进一步分析SNHG7与ROCK1及前列腺癌细胞增殖和迁移能力的关系，进行挽救实验。首先构建ROCK1过表达细胞系，通过PCR（图5A）和Western blotting（图5B）检测转染后ROCK1的表达，结果证实，ROCK1过表达细胞系成功构建。随后使用SNHG7敲低细胞系同时进行ROCK1敲低，结果发现，前列腺癌PC-3细胞的增殖（图5C）和迁移能力（图5D）恢复。以上结果表明，SNHG7通过ROCK1调控前列腺癌细胞的增殖和迁移。

图5 SNHG7通过ROCK1调控前列腺癌细胞的增殖和迁移Fig.5 SNHG7 regulates prostate cancer cell proliferation and migration through ROCK1

3 讨论

近几十年来，lncRNA在疾病特别是癌症中的重要作用越来越受到人们的关注。研究［12］已经发现，许多lncRNA作为癌基因或肿瘤抑制因子，可以调控前列腺癌的发生和转移，但不同lncRNA在不同肿瘤中的作用尚不明确。lncRNA SNHG7是近年发现的新型非编码RNA，多项研究［13］表明，lncRNA SNHG7在多种癌症中过表达，包括肺癌、乳腺癌、结直肠癌和膀胱癌，通过多种途径促进肿瘤的发生。

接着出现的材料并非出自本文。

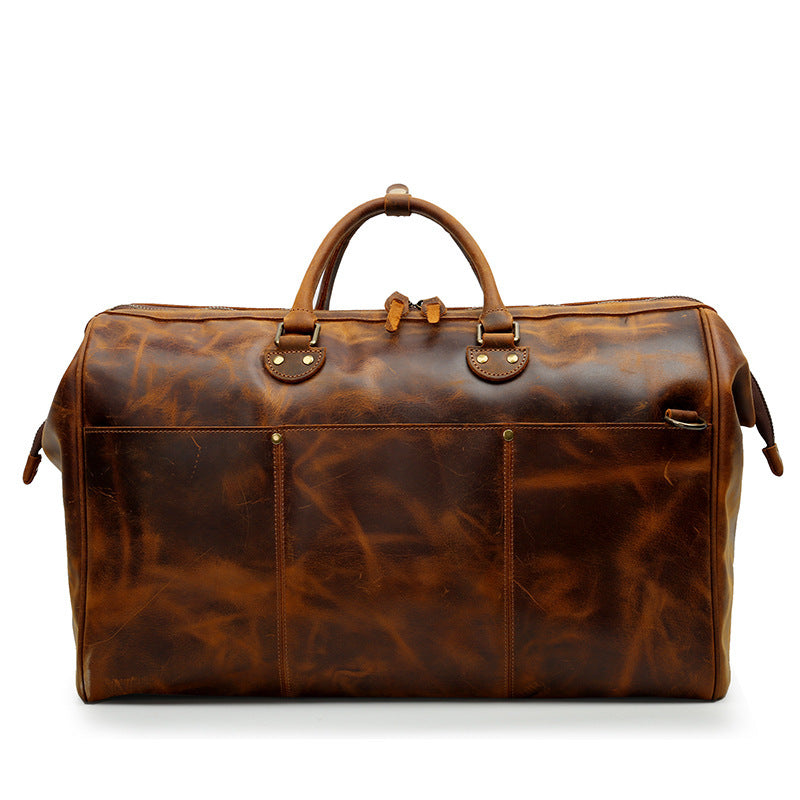 Brown leather duffel bag on a white background
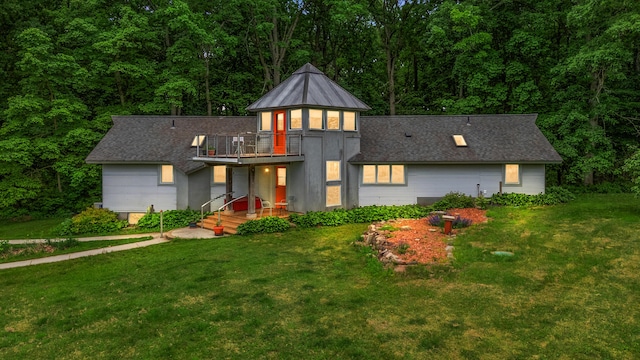 7227 Wheeler Rd, Whitmore Lake, MI 48189 - contemporary home featuring a front yard, a view of trees, and a balcony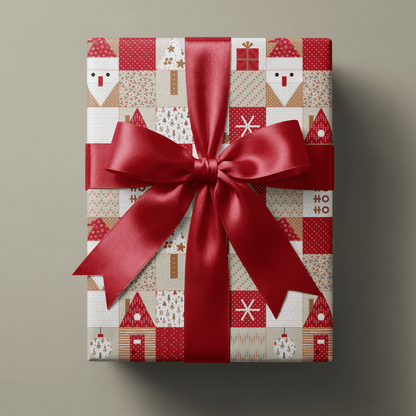 Rustic christmas wrapping paper with patchwork Santas, gingerbread houses, and star quilt blocks in red and cream.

最近有研究［14］报道了SNHG7加速前列腺癌的恶性进展，但SNHG7在其中的调节机制需要进一步探索。

本研究发现，与癌旁组织相比，lncRNA SNHG7在癌组织中明显上调，并且SNHG7高表达提示患者生存时间缩短，体外细胞实验同样证明其在多种肿瘤细胞系中高表达。这些结果提示，SNHG7在前列腺癌的发生、发展中可能起到重要作用。为了阐明SNHG7异常高表达的意义，本研究通过细胞增殖实验和Transwell实验检测细胞增殖和迁移能力，结果发现，SNHG7敲低后前列腺癌PC-3细胞的增殖和迁移能力都被抑制。近年发现ROCK1与多种肿瘤的生长和转移密切相关，包括骨肉瘤、胰腺癌甚至血液系统肿瘤。ROCK1功能多样化，广泛参与多种细胞过程，包括凋亡、侵袭、纤维化等［15］。然而，SNHG7与ROCK1之间的调控关系尚不清楚。为此，本研究构建了SNHG7敲低前列腺癌细胞系，通过共转染实验发现，敲低SNHG7后ROCK1的表达明显减少；并且通过MTT实验和Transwell实验发现，SNHG7敲低后细胞的增殖和迁移能力可被过表达ROCK1恢复。

综上所述，SNHG7对于前列腺癌生长、转移的调控是通过ROCK1介导的，以SNHG7或ROCK1为靶点的肿瘤治疗方式可能成为治疗前列腺癌的一种有效策略。